» **WHAT YOU ARE ASKED TO DO**: Write the records out again. Match them exactly.
═════ LISTED ENTRIES
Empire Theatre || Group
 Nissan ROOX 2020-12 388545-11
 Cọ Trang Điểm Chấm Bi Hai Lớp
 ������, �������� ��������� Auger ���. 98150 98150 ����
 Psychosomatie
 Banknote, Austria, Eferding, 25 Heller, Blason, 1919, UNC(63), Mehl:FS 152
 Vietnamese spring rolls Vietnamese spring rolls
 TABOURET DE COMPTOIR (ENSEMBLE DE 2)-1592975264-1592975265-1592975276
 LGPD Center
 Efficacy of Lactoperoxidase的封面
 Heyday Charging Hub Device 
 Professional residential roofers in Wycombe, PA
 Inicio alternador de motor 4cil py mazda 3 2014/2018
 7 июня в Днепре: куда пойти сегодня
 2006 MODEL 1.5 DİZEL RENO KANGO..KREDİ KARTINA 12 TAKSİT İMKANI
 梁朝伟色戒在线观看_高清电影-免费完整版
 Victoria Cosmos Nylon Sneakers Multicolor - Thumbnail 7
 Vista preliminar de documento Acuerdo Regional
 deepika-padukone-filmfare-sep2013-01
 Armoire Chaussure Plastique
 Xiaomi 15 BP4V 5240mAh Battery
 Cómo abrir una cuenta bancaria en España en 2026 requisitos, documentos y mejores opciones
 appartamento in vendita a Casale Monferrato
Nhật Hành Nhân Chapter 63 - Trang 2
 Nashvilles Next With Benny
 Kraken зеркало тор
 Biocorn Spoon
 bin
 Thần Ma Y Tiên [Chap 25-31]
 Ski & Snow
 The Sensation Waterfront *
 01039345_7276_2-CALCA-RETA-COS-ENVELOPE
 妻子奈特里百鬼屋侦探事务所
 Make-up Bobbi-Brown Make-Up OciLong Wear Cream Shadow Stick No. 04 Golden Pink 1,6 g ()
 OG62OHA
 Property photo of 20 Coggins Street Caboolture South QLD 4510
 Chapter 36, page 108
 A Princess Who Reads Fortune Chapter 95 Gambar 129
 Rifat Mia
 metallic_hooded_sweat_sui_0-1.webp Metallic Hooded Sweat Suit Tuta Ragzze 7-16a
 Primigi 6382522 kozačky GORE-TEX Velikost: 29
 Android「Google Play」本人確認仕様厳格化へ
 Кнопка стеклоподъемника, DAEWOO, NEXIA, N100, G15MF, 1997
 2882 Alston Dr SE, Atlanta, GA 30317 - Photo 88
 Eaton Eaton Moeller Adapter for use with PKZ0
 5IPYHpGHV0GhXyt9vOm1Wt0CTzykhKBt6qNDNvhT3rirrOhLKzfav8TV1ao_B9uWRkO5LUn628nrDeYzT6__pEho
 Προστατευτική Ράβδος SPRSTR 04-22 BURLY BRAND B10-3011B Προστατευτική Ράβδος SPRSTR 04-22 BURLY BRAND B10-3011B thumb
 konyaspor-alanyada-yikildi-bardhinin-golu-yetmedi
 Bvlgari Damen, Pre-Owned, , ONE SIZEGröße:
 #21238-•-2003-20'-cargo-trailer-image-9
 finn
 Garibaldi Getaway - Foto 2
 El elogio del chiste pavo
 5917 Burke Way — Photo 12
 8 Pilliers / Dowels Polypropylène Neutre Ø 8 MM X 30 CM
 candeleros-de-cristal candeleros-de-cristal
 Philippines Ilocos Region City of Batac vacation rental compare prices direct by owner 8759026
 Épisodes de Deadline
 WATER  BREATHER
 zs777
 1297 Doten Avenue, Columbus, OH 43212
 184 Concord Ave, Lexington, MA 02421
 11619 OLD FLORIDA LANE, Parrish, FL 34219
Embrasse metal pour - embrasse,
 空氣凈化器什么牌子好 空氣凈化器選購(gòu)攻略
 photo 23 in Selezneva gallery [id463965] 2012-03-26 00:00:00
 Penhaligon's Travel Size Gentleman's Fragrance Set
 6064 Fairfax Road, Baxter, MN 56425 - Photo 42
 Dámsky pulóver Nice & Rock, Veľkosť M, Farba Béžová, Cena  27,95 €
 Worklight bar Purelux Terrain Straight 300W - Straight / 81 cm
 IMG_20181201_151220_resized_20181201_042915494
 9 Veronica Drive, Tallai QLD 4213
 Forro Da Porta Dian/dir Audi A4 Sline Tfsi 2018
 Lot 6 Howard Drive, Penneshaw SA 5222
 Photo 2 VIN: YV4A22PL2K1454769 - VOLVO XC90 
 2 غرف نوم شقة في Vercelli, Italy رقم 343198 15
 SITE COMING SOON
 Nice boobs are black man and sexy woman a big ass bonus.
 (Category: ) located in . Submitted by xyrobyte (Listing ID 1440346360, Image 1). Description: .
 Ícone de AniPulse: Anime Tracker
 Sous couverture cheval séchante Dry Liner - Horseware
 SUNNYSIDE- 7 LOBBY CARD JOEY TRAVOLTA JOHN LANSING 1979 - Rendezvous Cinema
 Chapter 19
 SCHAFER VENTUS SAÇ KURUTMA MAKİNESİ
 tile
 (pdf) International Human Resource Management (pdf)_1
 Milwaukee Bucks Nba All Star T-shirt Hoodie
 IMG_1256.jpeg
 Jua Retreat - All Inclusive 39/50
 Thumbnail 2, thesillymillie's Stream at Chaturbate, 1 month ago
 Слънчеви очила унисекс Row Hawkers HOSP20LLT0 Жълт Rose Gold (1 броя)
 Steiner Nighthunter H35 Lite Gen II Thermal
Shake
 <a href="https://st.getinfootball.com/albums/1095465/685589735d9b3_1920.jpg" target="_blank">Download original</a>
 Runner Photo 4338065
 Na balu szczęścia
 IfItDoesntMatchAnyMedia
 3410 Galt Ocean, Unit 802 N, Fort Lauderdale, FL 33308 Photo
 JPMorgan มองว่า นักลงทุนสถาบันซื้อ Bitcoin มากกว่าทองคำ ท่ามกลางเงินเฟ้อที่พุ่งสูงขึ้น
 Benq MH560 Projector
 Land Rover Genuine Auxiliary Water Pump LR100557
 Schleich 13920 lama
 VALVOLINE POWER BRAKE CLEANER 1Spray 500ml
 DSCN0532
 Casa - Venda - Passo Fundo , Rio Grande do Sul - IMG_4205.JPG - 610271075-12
══════════
» **EXPECTED ANSWER**:
Empire Theatre || Group
 Nissan ROOX 2020-12 388545-11
 Cọ Trang Điểm Chấm Bi Hai Lớp
 ������, �������� ��������� Auger ���. 98150 98150 ����
 Psychosomatie
 Banknote, Austria, Eferding, 25 Heller, Blason, 1919, UNC(63), Mehl:FS 152
 Vietnamese spring rolls Vietnamese spring rolls
 TABOURET DE COMPTOIR (ENSEMBLE DE 2)-1592975264-1592975265-1592975276
 LGPD Center
 Efficacy of Lactoperoxidase的封面
 Heyday Charging Hub Device 
 Professional residential roofers in Wycombe, PA
 Inicio alternador de motor 4cil py mazda 3 2014/2018
 7 июня в Днепре: куда пойти сегодня
 2006 MODEL 1.5 DİZEL RENO KANGO..KREDİ KARTINA 12 TAKSİT İMKANI
 梁朝伟色戒在线观看_高清电影-免费完整版
 Victoria Cosmos Nylon Sneakers Multicolor - Thumbnail 7
 Vista preliminar de documento Acuerdo Regional
 deepika-padukone-filmfare-sep2013-01
 Armoire Chaussure Plastique
 Xiaomi 15 BP4V 5240mAh Battery
 Cómo abrir una cuenta bancaria en España en 2026 requisitos, documentos y mejores opciones
 appartamento in vendita a Casale Monferrato
Nhật Hành Nhân Chapter 63 - Trang 2
 Nashvilles Next With Benny
 Kraken зеркало тор
 Biocorn Spoon
 bin
 Thần Ma Y Tiên [Chap 25-31]
 Ski & Snow
 The Sensation Waterfront *
 01039345_7276_2-CALCA-RETA-COS-ENVELOPE
 妻子奈特里百鬼屋侦探事务所
 Make-up Bobbi-Brown Make-Up OciLong Wear Cream Shadow Stick No. 04 Golden Pink 1,6 g ()
 OG62OHA
 Property photo of 20 Coggins Street Caboolture South QLD 4510
 Chapter 36, page 108
 A Princess Who Reads Fortune Chapter 95 Gambar 129
 Rifat Mia
 metallic_hooded_sweat_sui_0-1.webp Metallic Hooded Sweat Suit Tuta Ragzze 7-16a
 Primigi 6382522 kozačky GORE-TEX Velikost: 29
 Android「Google Play」本人確認仕様厳格化へ
 Кнопка стеклоподъемника, DAEWOO, NEXIA, N100, G15MF, 1997
 2882 Alston Dr SE, Atlanta, GA 30317 - Photo 88
 Eaton Eaton Moeller Adapter for use with PKZ0
 5IPYHpGHV0GhXyt9vOm1Wt0CTzykhKBt6qNDNvhT3rirrOhLKzfav8TV1ao_B9uWRkO5LUn628nrDeYzT6__pEho
 Προστατευτική Ράβδος SPRSTR 04-22 BURLY BRAND B10-3011B Προστατευτική Ράβδος SPRSTR 04-22 BURLY BRAND B10-3011B thumb
 konyaspor-alanyada-yikildi-bardhinin-golu-yetmedi
 Bvlgari Damen, Pre-Owned, , ONE SIZEGröße:
 #21238-•-2003-20'-cargo-trailer-image-9
 finn
 Garibaldi Getaway - Foto 2
 El elogio del chiste pavo
 5917 Burke Way — Photo 12
 8 Pilliers / Dowels Polypropylène Neutre Ø 8 MM X 30 CM
 candeleros-de-cristal candeleros-de-cristal
 Philippines Ilocos Region City of Batac vacation rental compare prices direct by owner 8759026
 Épisodes de Deadline
 WATER  BREATHER
 zs777
 1297 Doten Avenue, Columbus, OH 43212
 184 Concord Ave, Lexington, MA 02421
 11619 OLD FLORIDA LANE, Parrish, FL 34219
Embrasse metal pour - embrasse,
 空氣凈化器什么牌子好 空氣凈化器選購(gòu)攻略
 photo 23 in Selezneva gallery [id463965] 2012-03-26 00:00:00
 Penhaligon's Travel Size Gentleman's Fragrance Set
 6064 Fairfax Road, Baxter, MN 56425 - Photo 42
 Dámsky pulóver Nice & Rock, Veľkosť M, Farba Béžová, Cena  27,95 €
 Worklight bar Purelux Terrain Straight 300W - Straight / 81 cm
 IMG_20181201_151220_resized_20181201_042915494
 9 Veronica Drive, Tallai QLD 4213
 Forro Da Porta Dian/dir Audi A4 Sline Tfsi 2018
 Lot 6 Howard Drive, Penneshaw SA 5222
 Photo 2 VIN: YV4A22PL2K1454769 - VOLVO XC90 
 2 غرف نوم شقة في Vercelli, Italy رقم 343198 15
 SITE COMING SOON
 Nice boobs are black man and sexy woman a big ass bonus.
 (Category: ) located in . Submitted by xyrobyte (Listing ID 1440346360, Image 1). Description: .
 Ícone de AniPulse: Anime Tracker
 Sous couverture cheval séchante Dry Liner - Horseware
 SUNNYSIDE- 7 LOBBY CARD JOEY TRAVOLTA JOHN LANSING 1979 - Rendezvous Cinema
 Chapter 19
 SCHAFER VENTUS SAÇ KURUTMA MAKİNESİ
 tile
 (pdf) International Human Resource Management (pdf)_1
 Milwaukee Bucks Nba All Star T-shirt Hoodie
 IMG_1256.jpeg
 Jua Retreat - All Inclusive 39/50
 Thumbnail 2, thesillymillie's Stream at Chaturbate, 1 month ago
 Слънчеви очила унисекс Row Hawkers HOSP20LLT0 Жълт Rose Gold (1 броя)
 Steiner Nighthunter H35 Lite Gen II Thermal
Shake
 <a href="https://st.getinfootball.com/albums/1095465/685589735d9b3_1920.jpg" target="_blank">Download original</a>
 Runner Photo 4338065
 Na balu szczęścia
 IfItDoesntMatchAnyMedia
 3410 Galt Ocean, Unit 802 N, Fort Lauderdale, FL 33308 Photo
 JPMorgan มองว่า นักลงทุนสถาบันซื้อ Bitcoin มากกว่าทองคำ ท่ามกลางเงินเฟ้อที่พุ่งสูงขึ้น
 Benq MH560 Projector
 Land Rover Genuine Auxiliary Water Pump LR100557
 Schleich 13920 lama
 VALVOLINE POWER BRAKE CLEANER 1Spray 500ml
 DSCN0532
 Casa - Venda - Passo Fundo , Rio Grande do Sul - IMG_4205.JPG - 610271075-12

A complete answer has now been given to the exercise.